Evaluation of the optimal schemes for O3-NOx-VOC sensitivity utilizing regridding TROPOMI observations

The ratio of formaldehyde (HCHO) to nitrogen dioxide (NO2) column density observed by satellites has been widely utilized to probe O3-NOx-VOC sensitivity. Numerous studies have proposed threshold schemes based on this ratio to delineate NOx-limited and VOC-limited regimes. However, a critical question remains unresolved that which threshold scheme is optimal.
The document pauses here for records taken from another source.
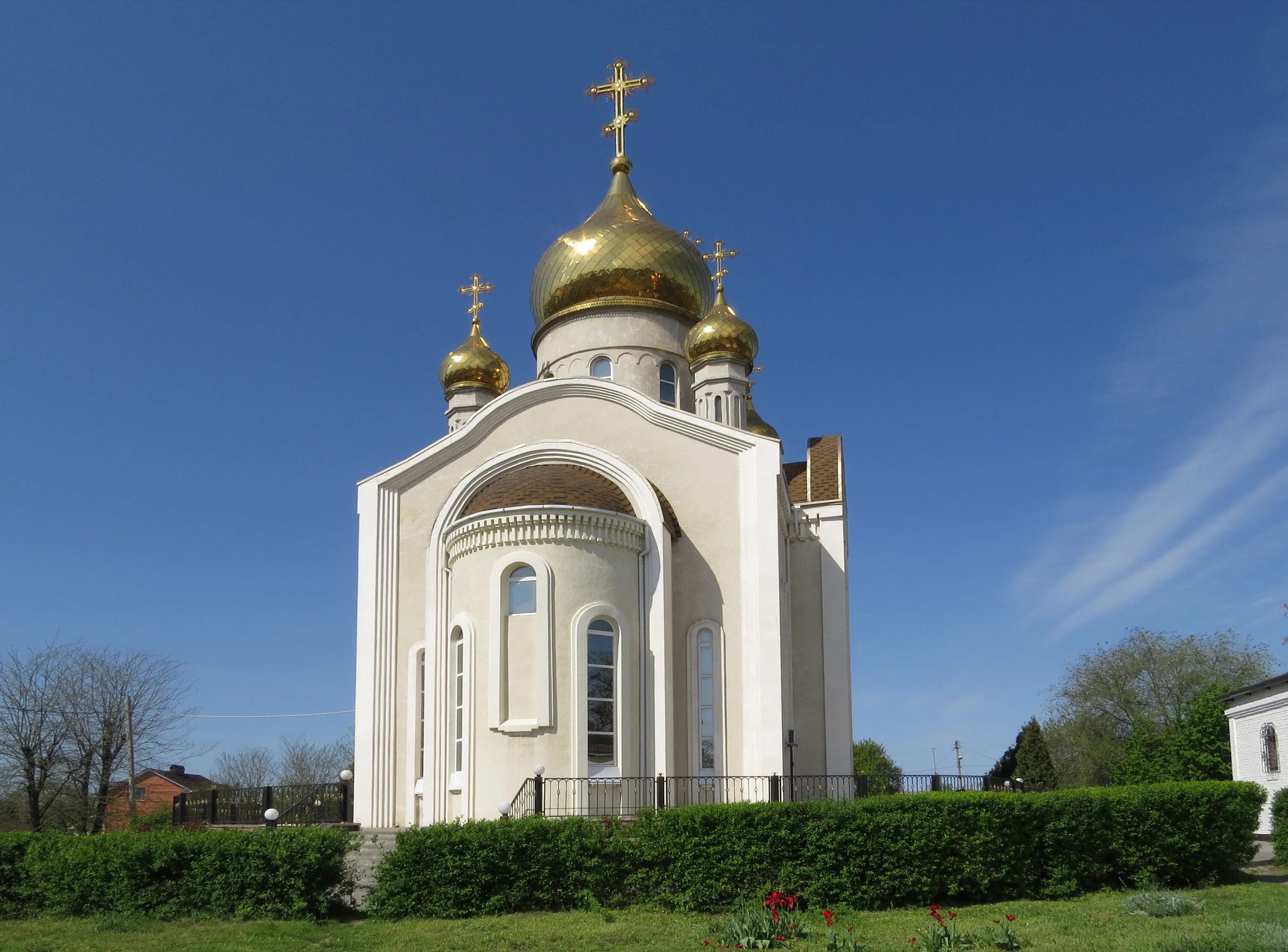 Ростовская область загородные. Храм Рождества Пресвятой Богородицы Ростовская область. Церковь Георгия Победоносца (Ростов-на-Дону). Церковь Казанской иконы Божией матери Ростов-на-Дону. Церковь Димитрия Ростовского в Ростове.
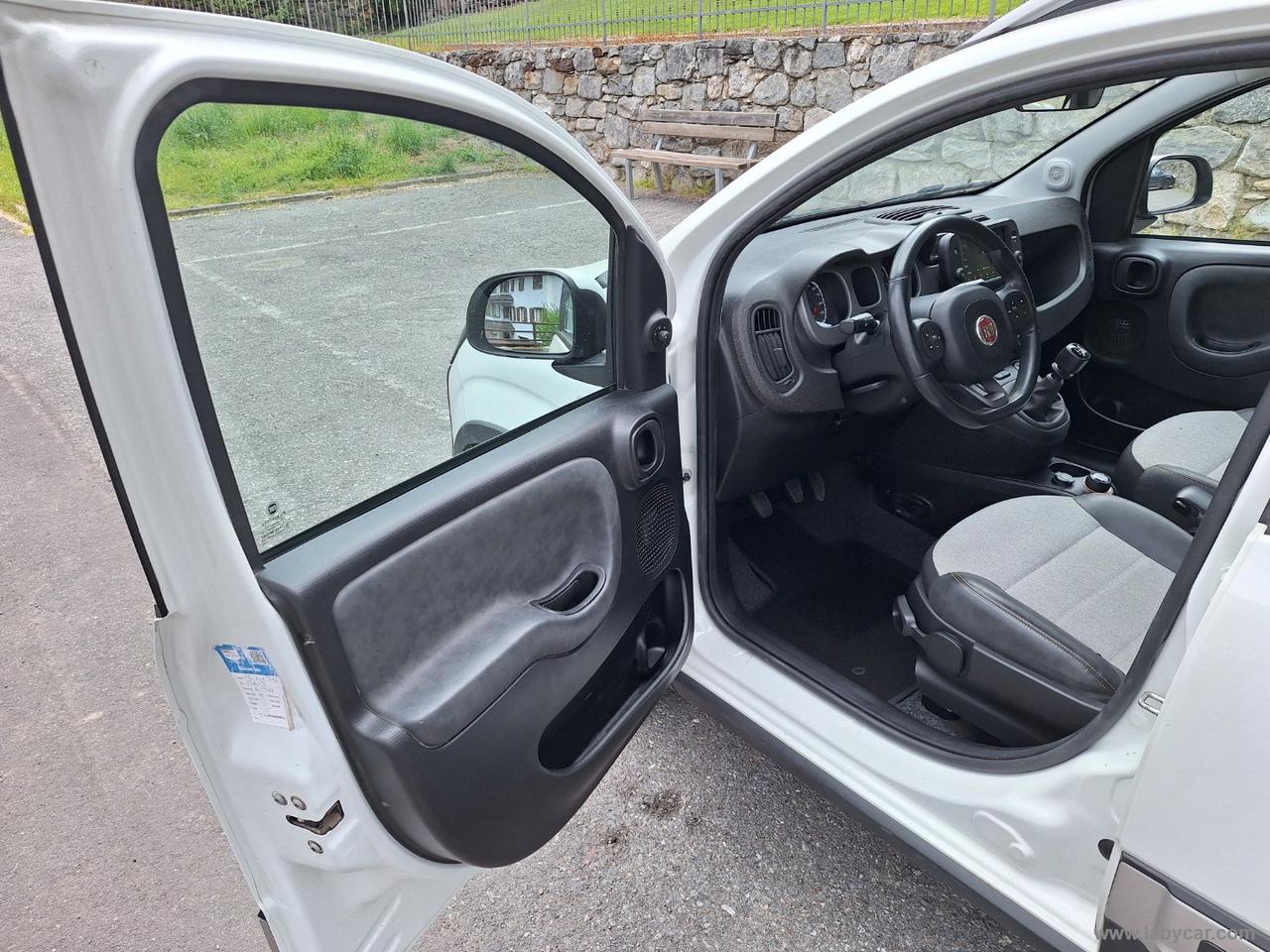 FIAT Panda Cross 0.9 TwinAir Turbo S&S 4x4 NEOPATENTATI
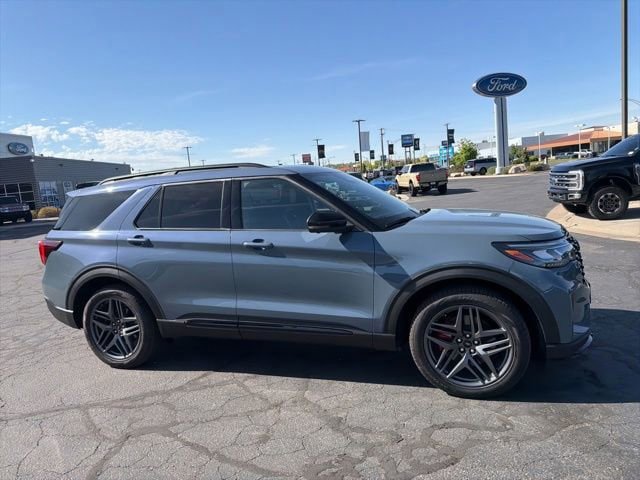 Used 2025 Ford Explorer ST AWD/4WD image 3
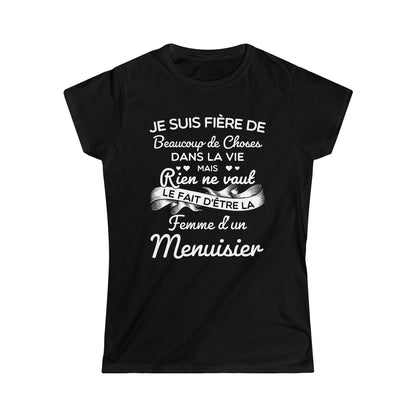 Fière femme d'un Menuisier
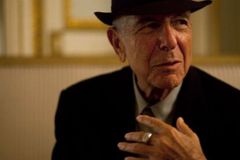 Leonard Cohen oslaví osmdesátku novým albem Popular Problems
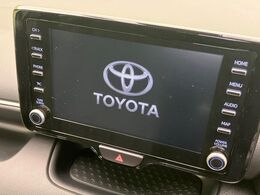 【ナビ付8インチ　ディスプレイオーディオ】大画面のディスプレイはAppleCarPlayやAndroidAutoが利用可能。大きな画面でスマホナビアプリ等が利用いただけます♪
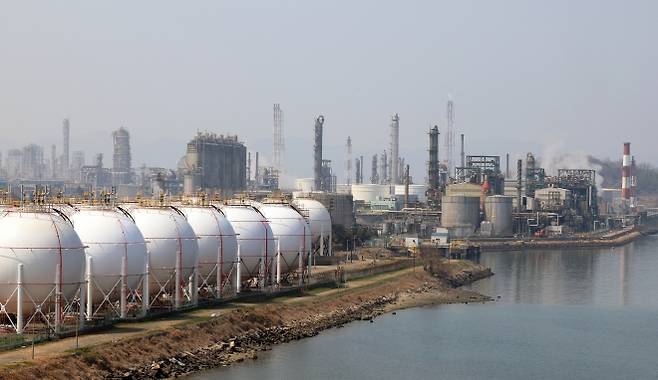 중동사태 영향 받는 여수 국가산업단지 - 지난달 26일 전남 여수 국가산업단지 모습. 연합뉴스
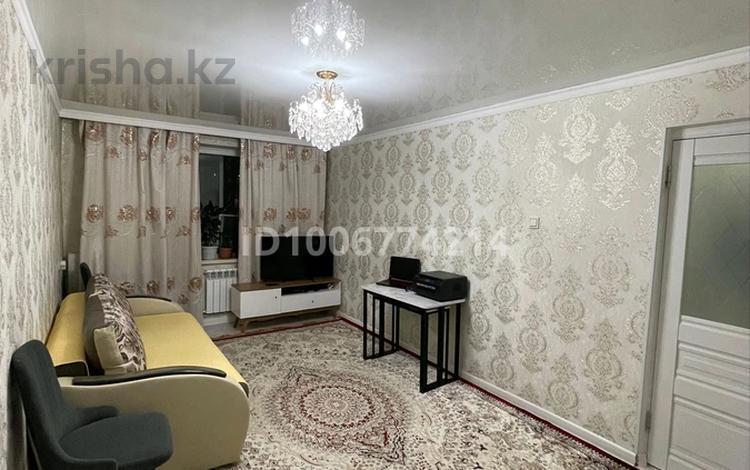 2-бөлмелі пәтер · 44.1 м² · 3/5 қабат, Микрорайон Талас 8 — Возле магазина ",Рич", между остановками "Лермантова" и "Руслан", бағасы: 14.5 млн ₸ в Таразе — фото 2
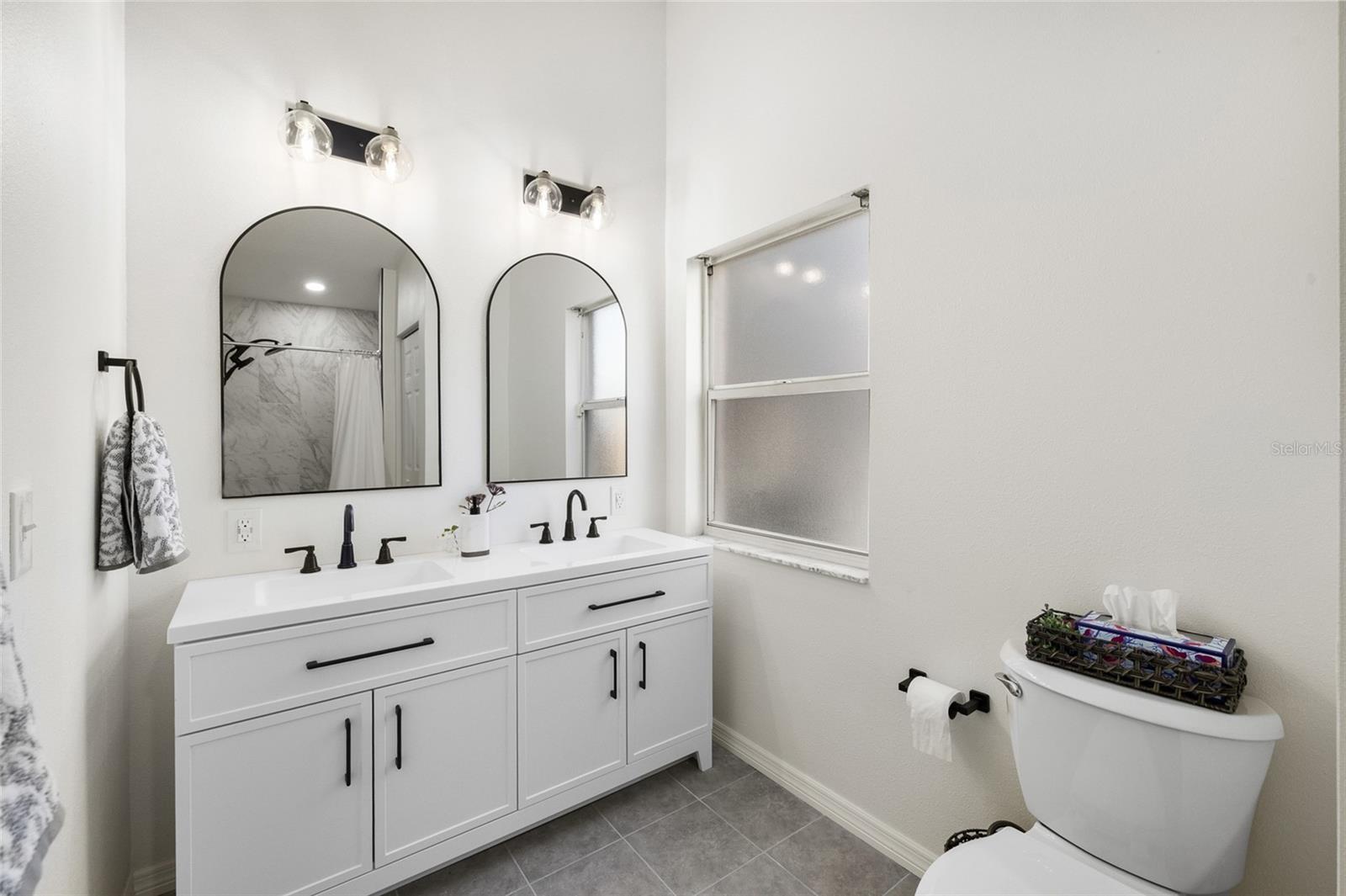 Image 17 of 43 For 2582 Northfield Lane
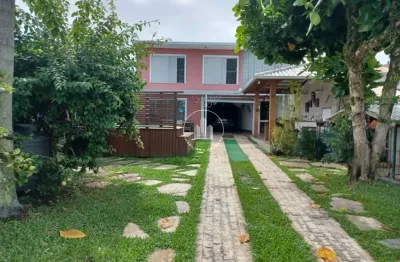 Casa com 3 quartos à venda na Rua Santa Isabel, 95, Barreiros, São José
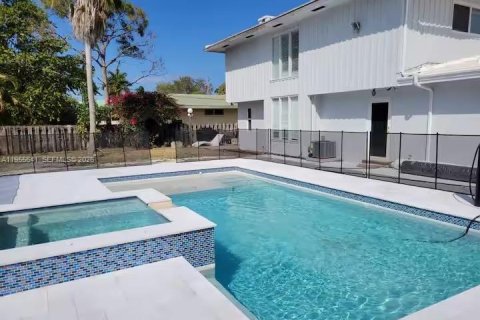 Дом в Дирфилд-Бич, Флорида 5 спален, 287.53м2 № 2009689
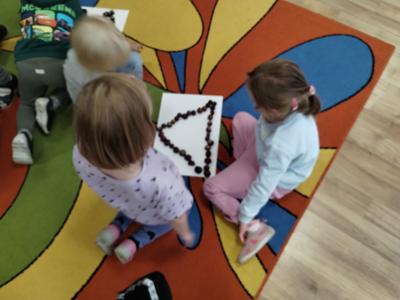 Dzieci podczas zespołowych zabaw matematycznych.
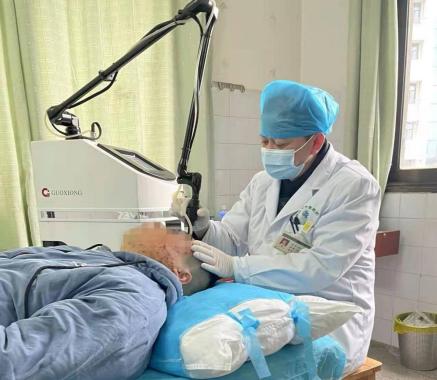 健康科普皮肤的作用,脸上皮肤红肿发痒还掉皮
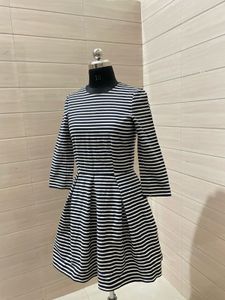 GAP camel navy blue striped dress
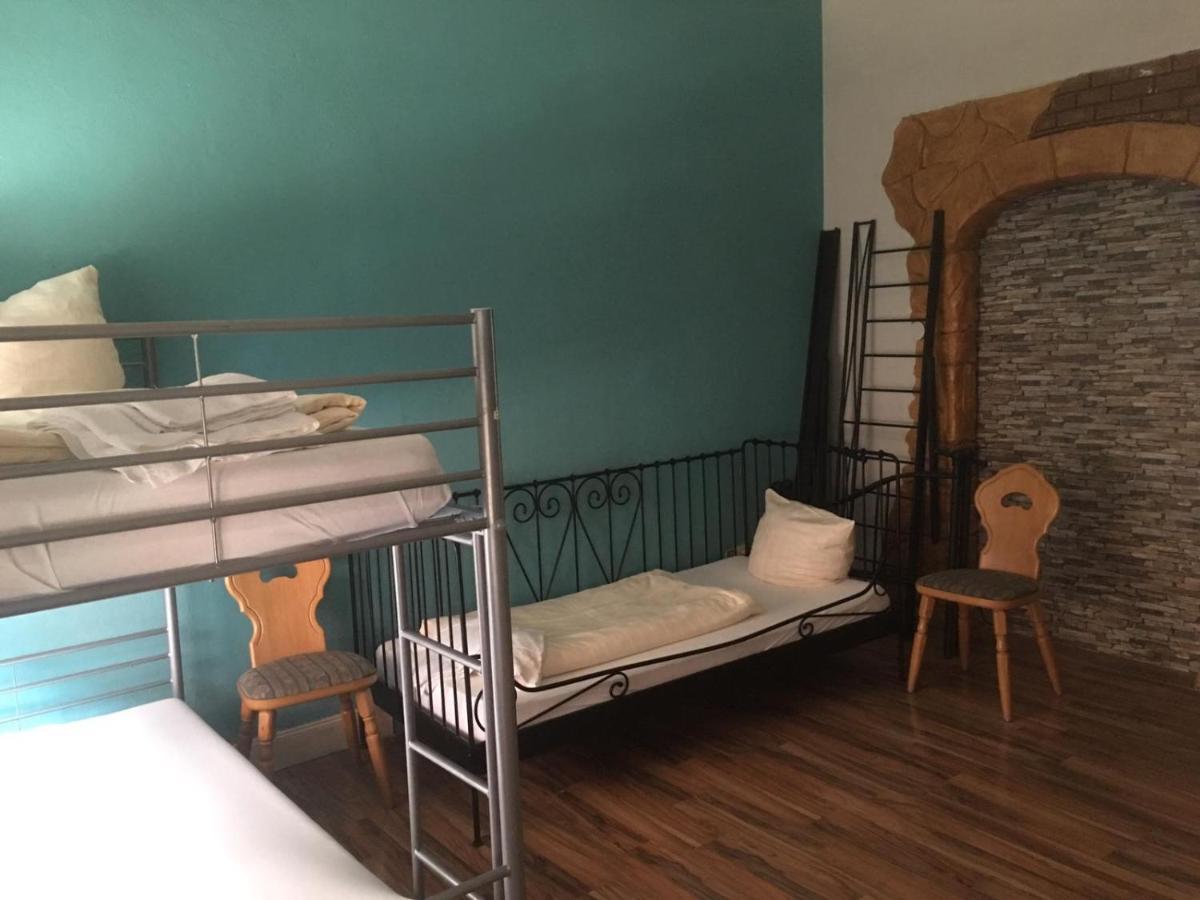 Wohnung In Kaiserslautern Exteriör bild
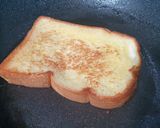 รูปขั้นตอนการทำที่ 2 ของ ขนมปังไข่กะทะ 🍞🥚🍳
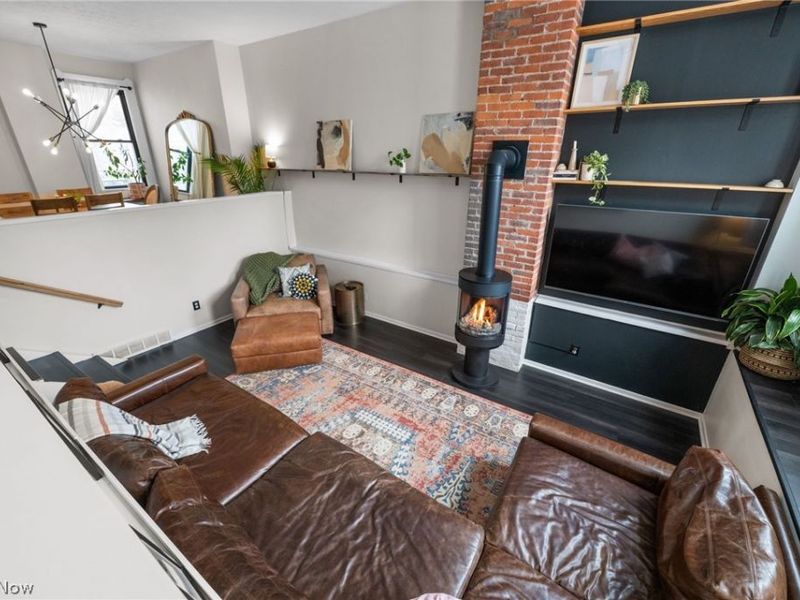 3064 Mabel Court, Unit 5, Cleveland, OH 44113 Photo 6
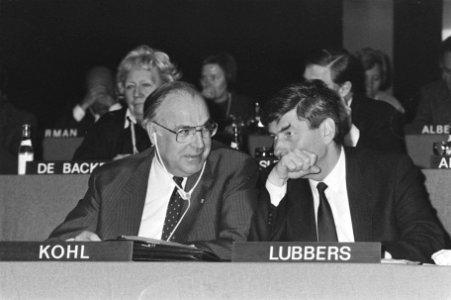 Bondskanselier Kohl van West-Duitsland in gesprek met minister-president Ruud Lu, Bestanddeelnr 933-6218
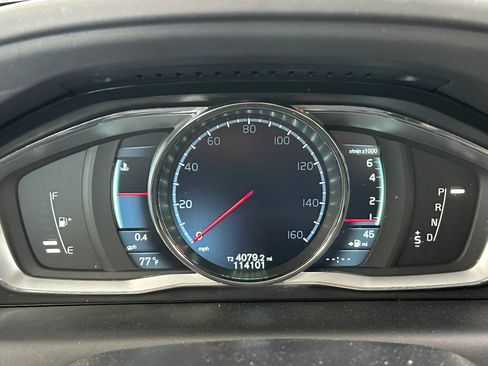 Used 2014 Volvo XC60 T6 AWD/4WD image 5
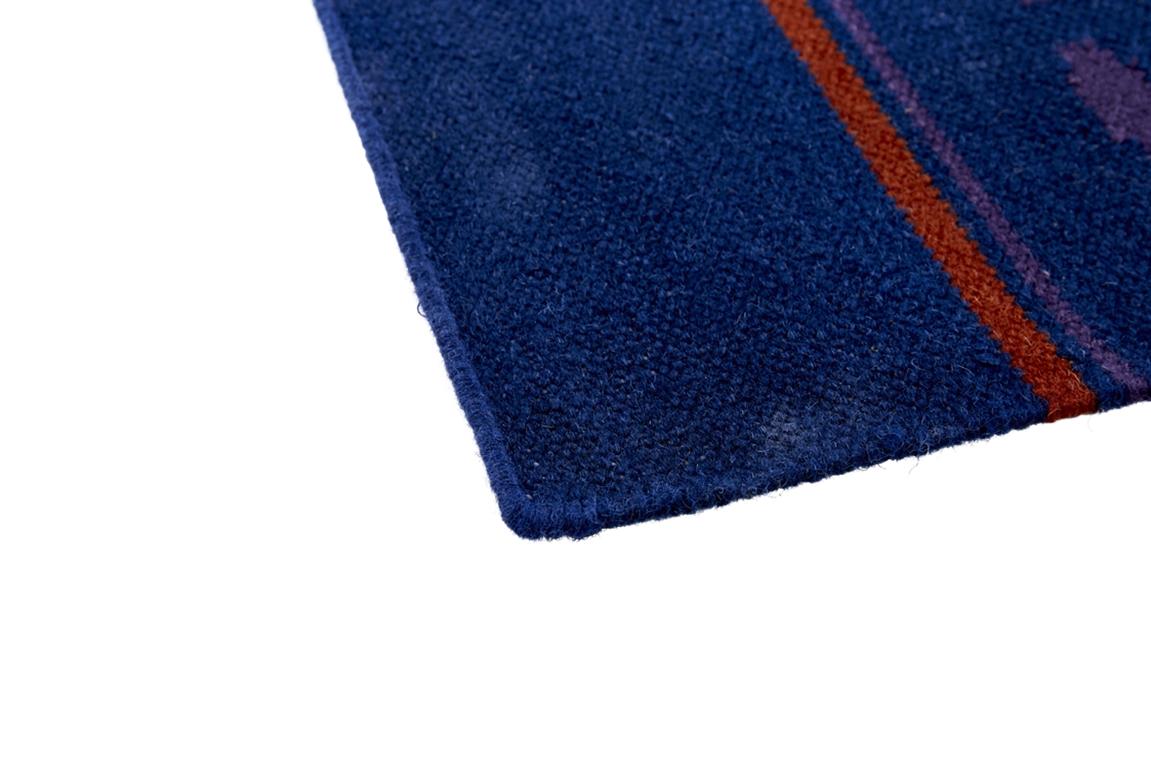 Tauchen Sie Ihren Lebensraum in die Eleganz des handgeknüpften Teppichs Dhanu. Dieses Stück ist aus nachhaltiger Wolle gefertigt und spiegelt das Engagement für Luxus und umweltbewusstes Leben wider.
Der Dhanu Rug kann nach individuellen Wünschen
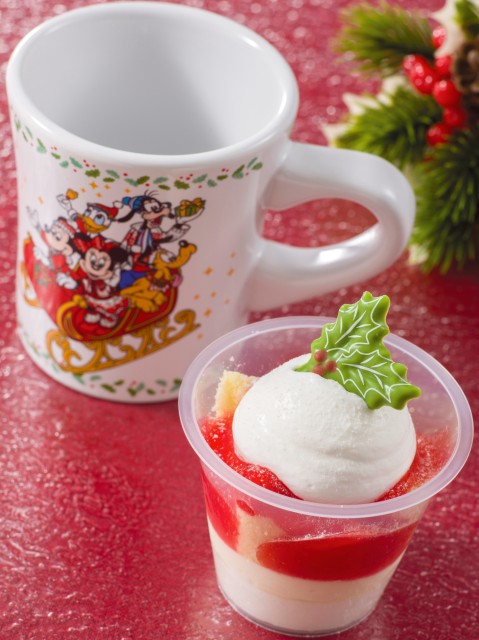 ストロベリーデザート、スーベニアカップ付き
This research employs Guangdong Province as a demonstration area. Leveraging TROPOMI-observed HCHO and NO2 column density, we developed an O3-NOx-VOC sensitivity threshold evaluation model, which is used to assess several internationally reported threshold schemes and to investigate the evolution of O3-NOx-VOC sensitivity thresholds in Guangdong Province, potentially identifying the optimal threshold. Prior to model execution, uncertainties in satellite observations were reduced using a self-developed TROPOMI level-2 pixel regridding algorithm. Evaluation results reveal that the J20 threshold scheme demonstrated superior performance in Guangdong Province compared to other schemes. Between 2019 and 2021, the optimal threshold for the NOx-limited regime in Guangdong Province was approximately 3.6, while the optimal threshold for the VOC-limited regime was around 2.0. Determining the optimal thresholds necessitates careful consideration of sample number. As a demonstration application, we diagnosed O3-NOx-VOC sensitivity in Guangdong Province from 2019 to 2021 based on J20 scheme. Research shows FNR in Guangdong exhibits a distinct monthly periodicity, peaking in July to September and bottoming in December to January. At the urban scale, FNR distribution is centered on developed areas such as Guangzhou and Shenzhen, increasing outward with an obvious annular distribution. The aerosol-ozone sensitivity relationship is complex, and raise in PM2.5, PM10, and SO2 tend to lower FNR, driving O3-NOx-VOC sensitivity to shift towards VOC-limited regimes. Compared to 2019, the year 2020 saw the highest proportion of shift from the transitional regimes to the NOx-limited regimes, while the most frequent transition in 2021 was from the NOx-limited regimes to the transitional regimes.